If you want to store rainy_days column back into the dat.int dataframe, you use a transform instead of a summarize:
ddply(dat.int, .(yearmon), transform, rainy_days=sum(rain >= 1.0) )
or else if you really just want a new summary dataframe:
require(plyr)
rainydays_by_yearmon <- ddply(dat.int, .(yearmon), summarize, rainy_days=sum(rain >= 1.0) )

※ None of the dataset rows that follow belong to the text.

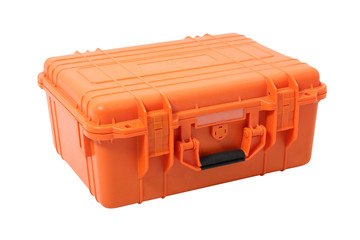 Clamshell Hard Case. Isolated with handmade clipping path.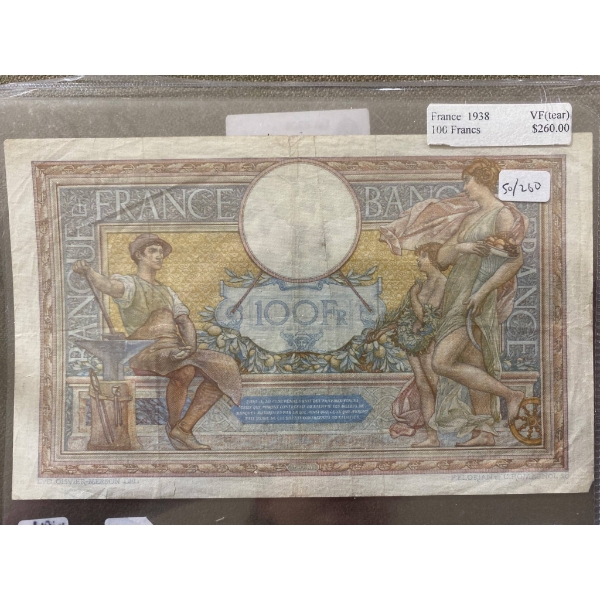 France 1938 100 Francs Banknote in VF (Tear) Condition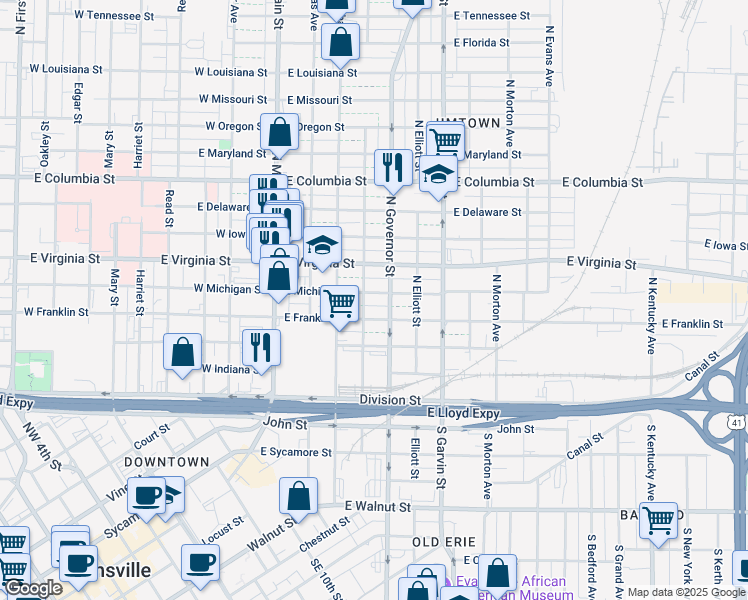 map of restaurants, bars, coffee shops, grocery stores, and more near 311 East Franklin Street in Evansville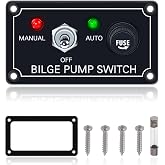 Boeray Bilge Pump Switch Rocker Toggle Switch Panel and Fuse DC 12V 24V Max 15A SPST ON/Off Marine Switch Panel 1 Toggle
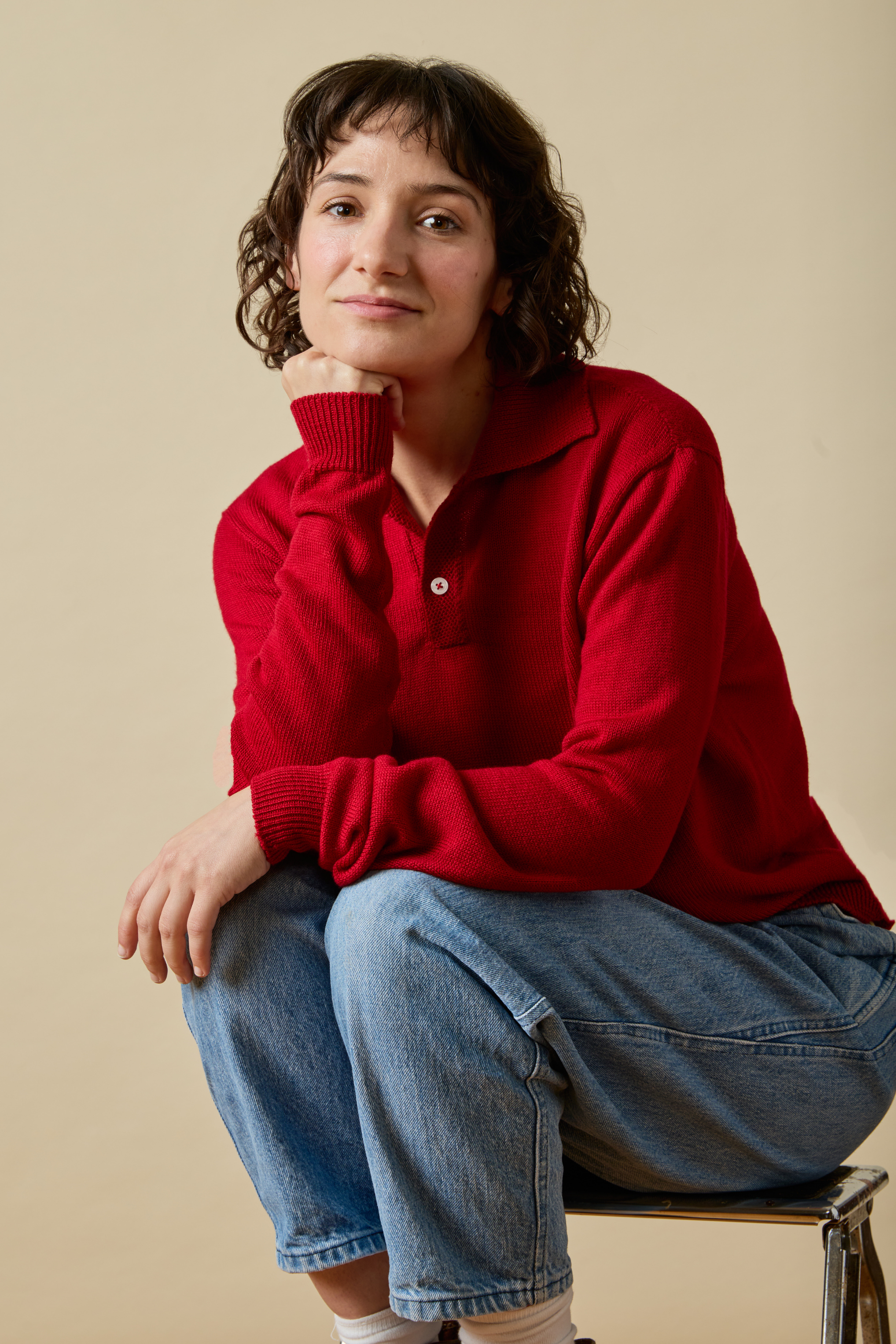 Merino Polo Sweater- Red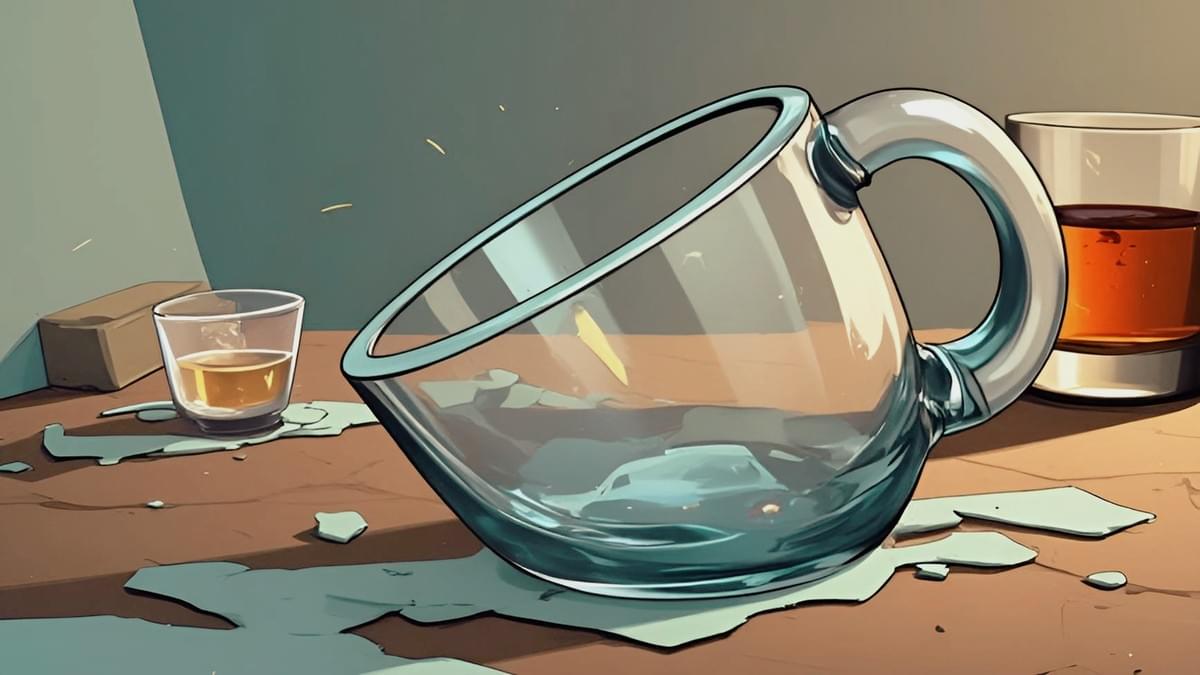 傾斜的透明大玻璃杯傾灑液體在木桌上,旁邊有威士忌酒杯與碎裂痕跡,呈現動態潑灑瞬間。 傾斜的透明大玻璃杯傾灑液體在木桌上,旁邊有威士忌酒杯與碎裂痕跡,呈現動態潑灑瞬間。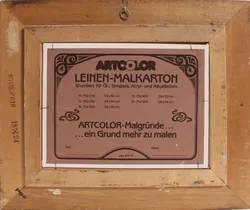 Gemälde „Blumenstrauß im goldenen Krug“ – signiert Buresch, Öl auf Leinenkarton, gerahmt - Bild 3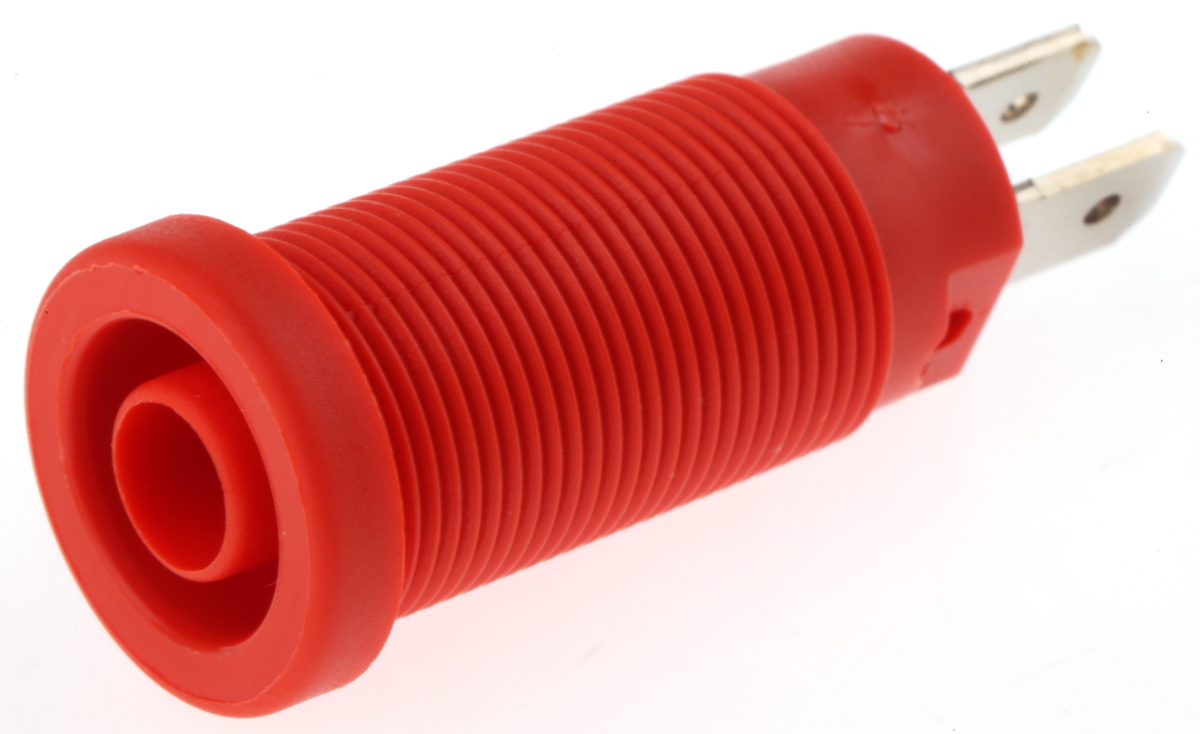 Staubli Red Female Banana Socket, 4 mm Connector, Tab Termination, 1000V, 20A, Nickel Plating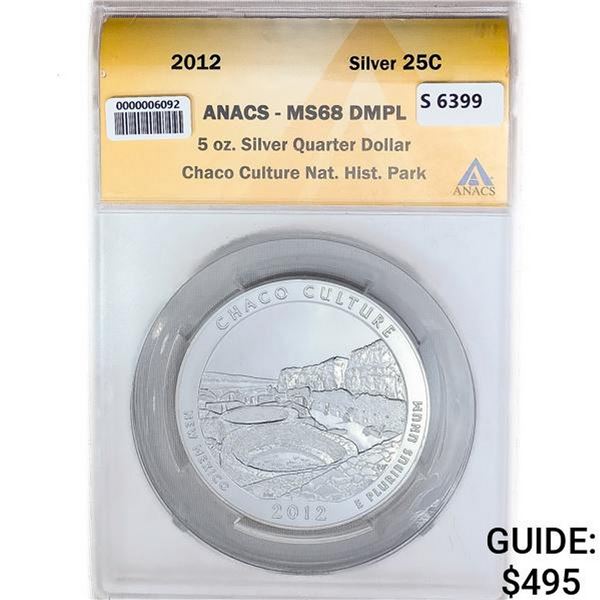 2012 Chaco Park 5oz Silver Medal MS68 DMPL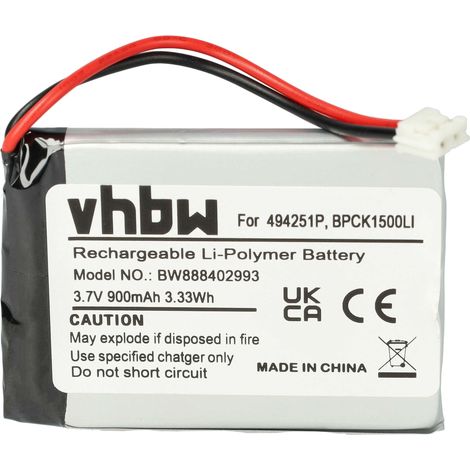 vhbw Battery compatible with Oricom Secure SC720 Baby Monitor, Sensor Mat (900 mAh, 3.7 V, Li-polymer, without Housing)
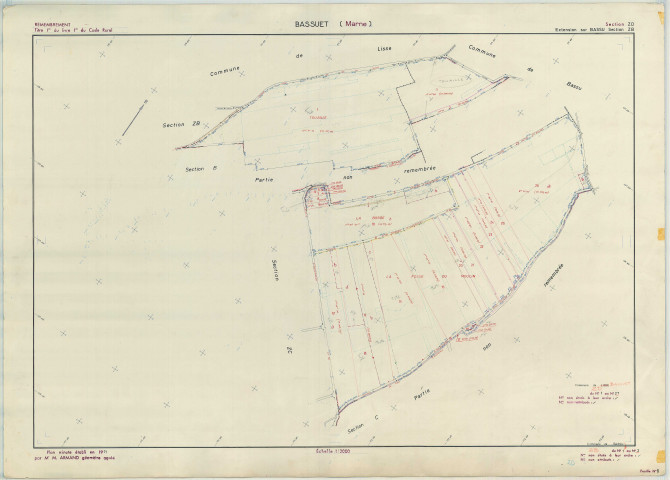 Bassuet (51040). Section ZD échelle 1/2000, plan remembré pour 1971 (extension sur Bassu section ZB), plan régulier (papier armé)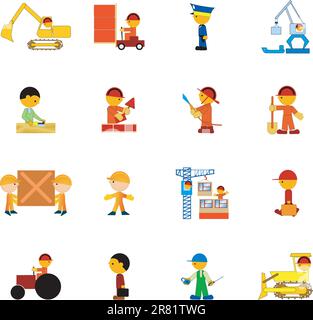 the big set of the icons of workers Stock Vector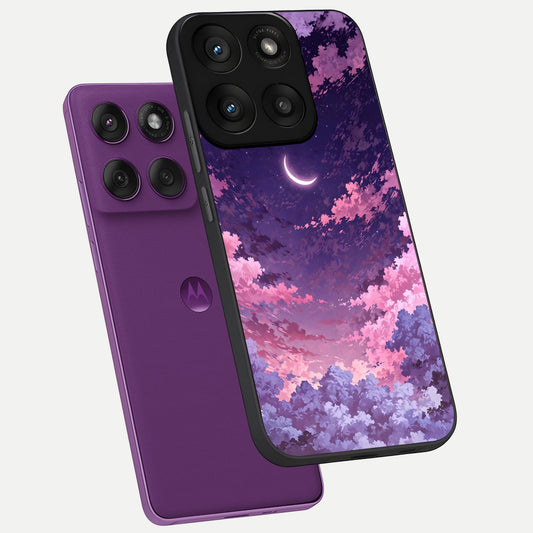  Sky Drift Clouds phone case For Moto Edge 60 Pro showing premium glass back cover with detailed artwork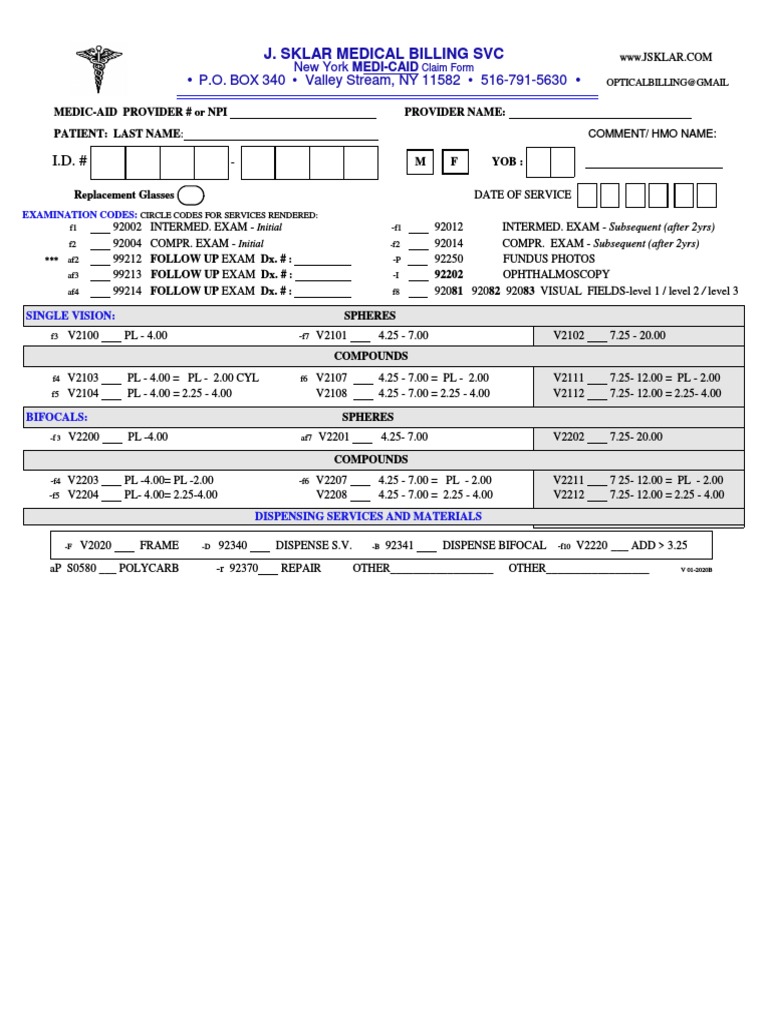 medicaid claim form single claim PDF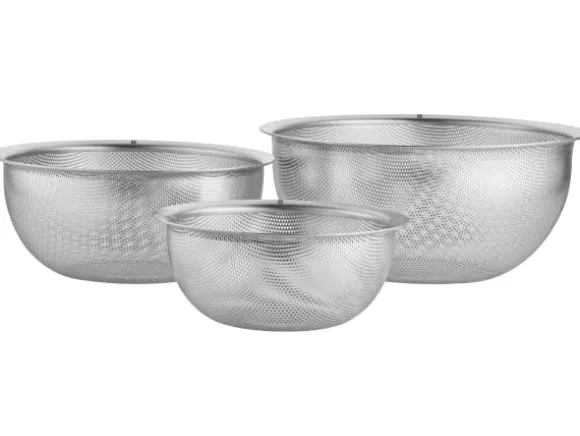 ZWILLING Prep Durkslag/sil/ångkok set 3 st. S 16 cm + M 20 cm + L 24 cm. 18/10 rostfritt stål.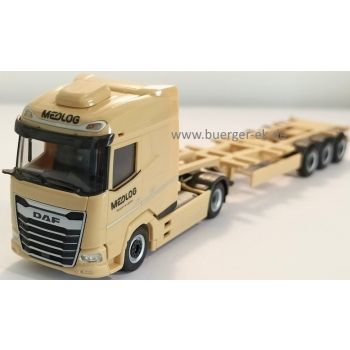 DAF XG, Containersattelzug, MEDLOG, Logistikdienstleister, beige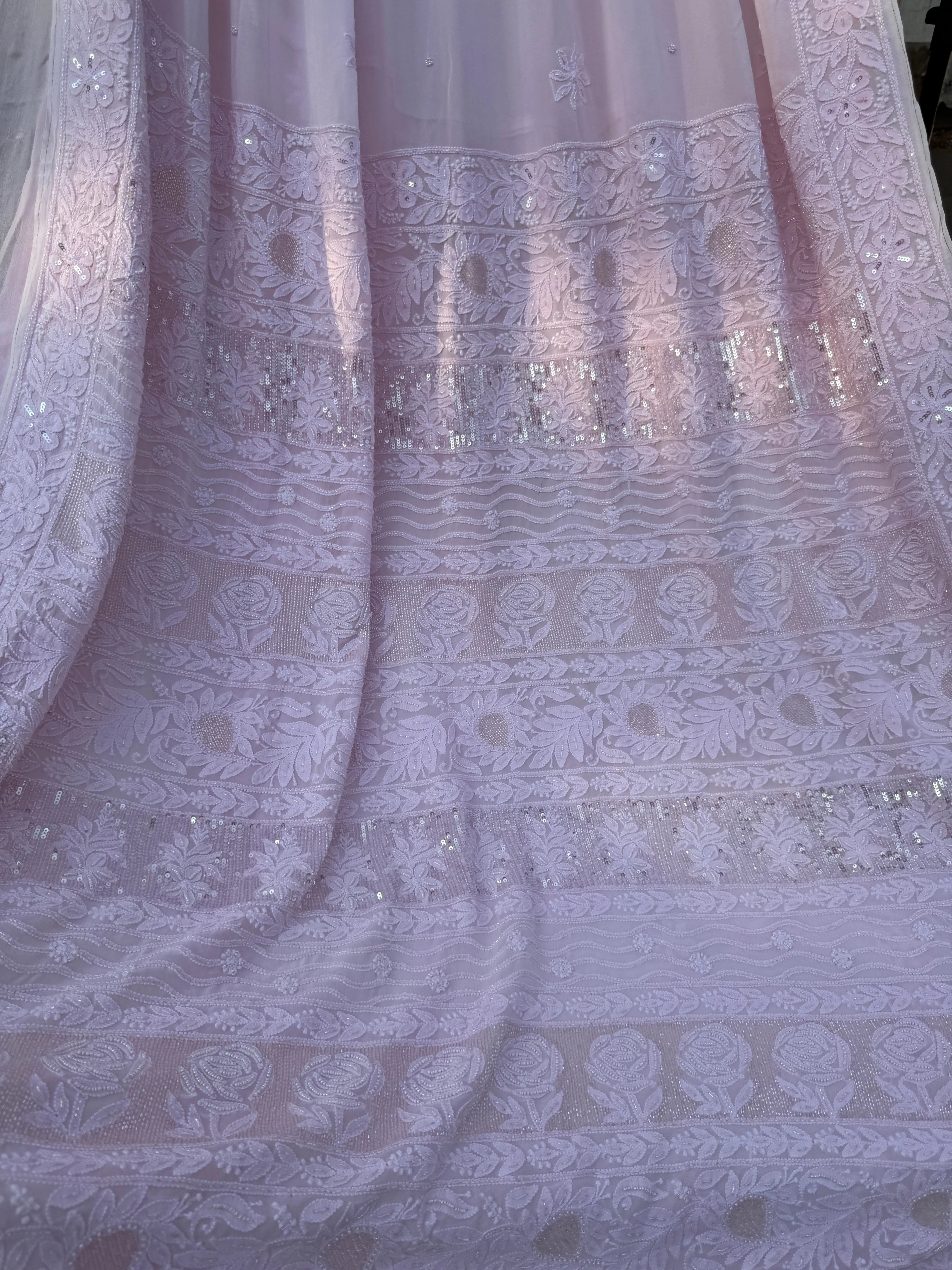 Viscose Chikankari saree with Pearl embellishments- pink ARIAA CHIKANKARI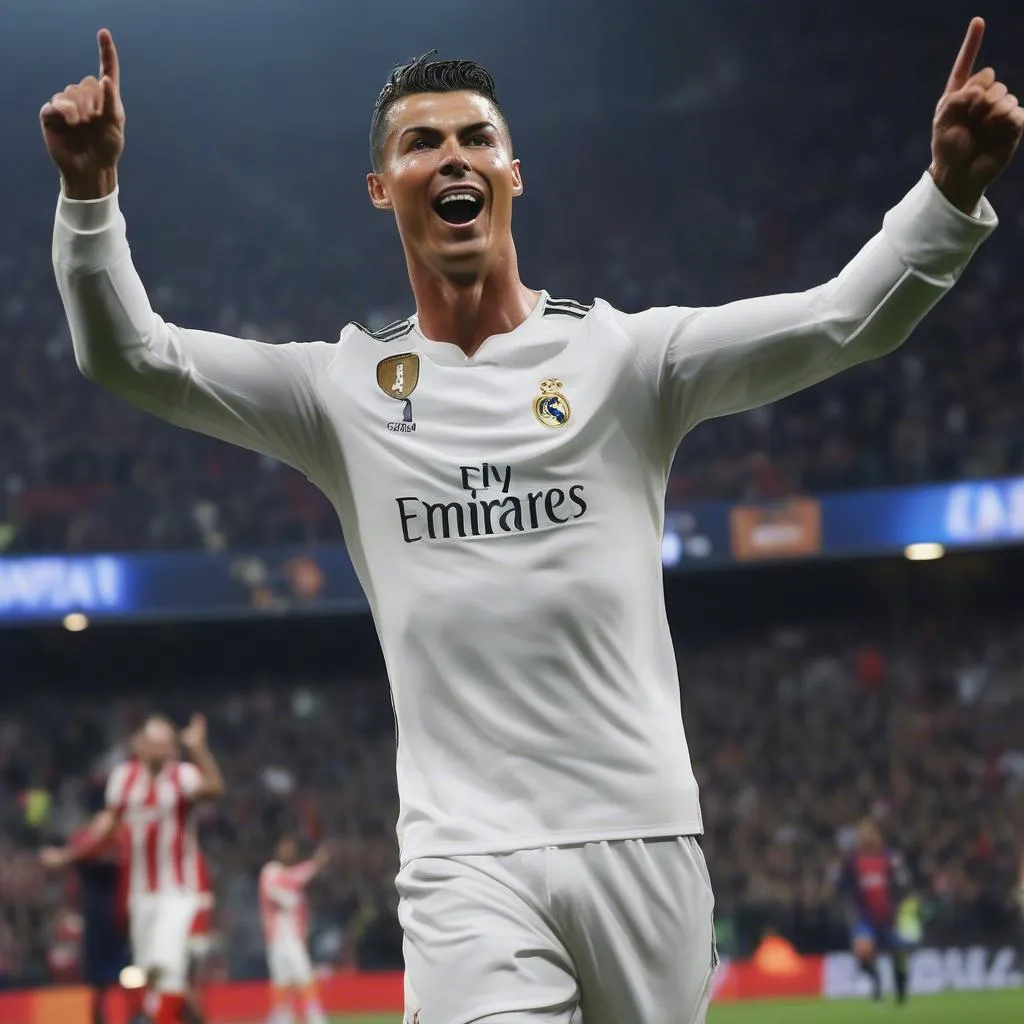 Ronaldo ăn mừng hat-trick vào lưới Atletico Madrid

print.data.frame(rainydays_by_yearmon)
yearmon rainy_days
1 Jan 1975 14
2 Feb 1975 12
3 Mar 1975 13
4 Apr 1975 6
5 May 1975 6
6 Jun 1975 5
...
355 Jul 2004 3
356 Aug 2004 7
357 Oct 2004 14
358 Nov 2004 16
359 Dec 2004 19
Note: you can do the above with plain old R, without using zoo or plyr/dplyr packages. But might as well teach you nicer, more scalable, maintainable code idioms.